Sesampainya di bandara Djuanda, tak perlu banyak basa basi dengan si penjemput, kami langsung mengutarakan tujuan pertama kami, Nasi Bebek Tugu (Pahlawan). Ini adalah kali keempat saya menginjakan kaki di Surabaya. Bisa dikatakan agak lebih fasih untuk urusan kuliner. Dengan bantuan kawan lama yang asli kelahiran Surabaya, semakin lancarlah pencarian saya untuk urusan perut.
Kegemaran saya akan kuliner berbasis unggas, terutama bebek, telah sampai di satu titik yang tidak bisa diubah lagi. Meski beragam sajian khas bebek, tapi lidah saya tidak sanggup beranjak dari nikmatnya sambal dari nasi bebek Tugu ini. Istilahnya, tidak bisa pindah ke lain bebek.

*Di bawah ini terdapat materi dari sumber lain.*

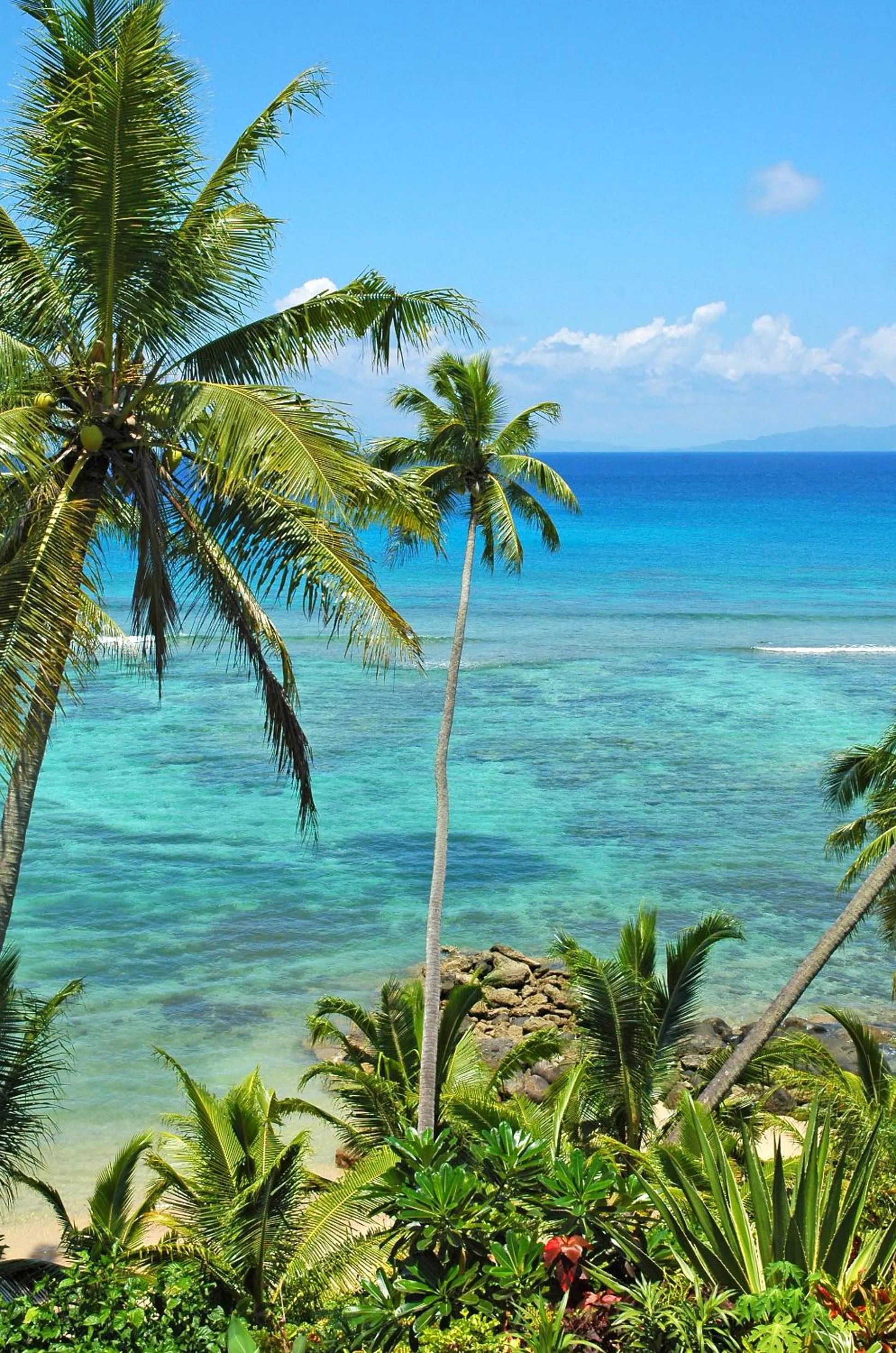 Day in Taveuni Palms Resort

Nasi bebek Tugu Pahlawan ini sebenarnya biasa saja, cuma sambalnya yang luar biasa. Sambal yang hanya diulek dengan paduan bawang merah dan garam ini mampu membakar sekaligus membuat lidah ketagihan. Harganya pun cukup terjangkau dengan empat macam menu, bebek super (Rp20.000), bebek biasa (Rp17.000), protolan (Rp16.000), dan jeroan (Rp11.000). Tak heran, setiap kali menyambangi kota Surabaya, pasti saya selalu singgah di warung tenda ini.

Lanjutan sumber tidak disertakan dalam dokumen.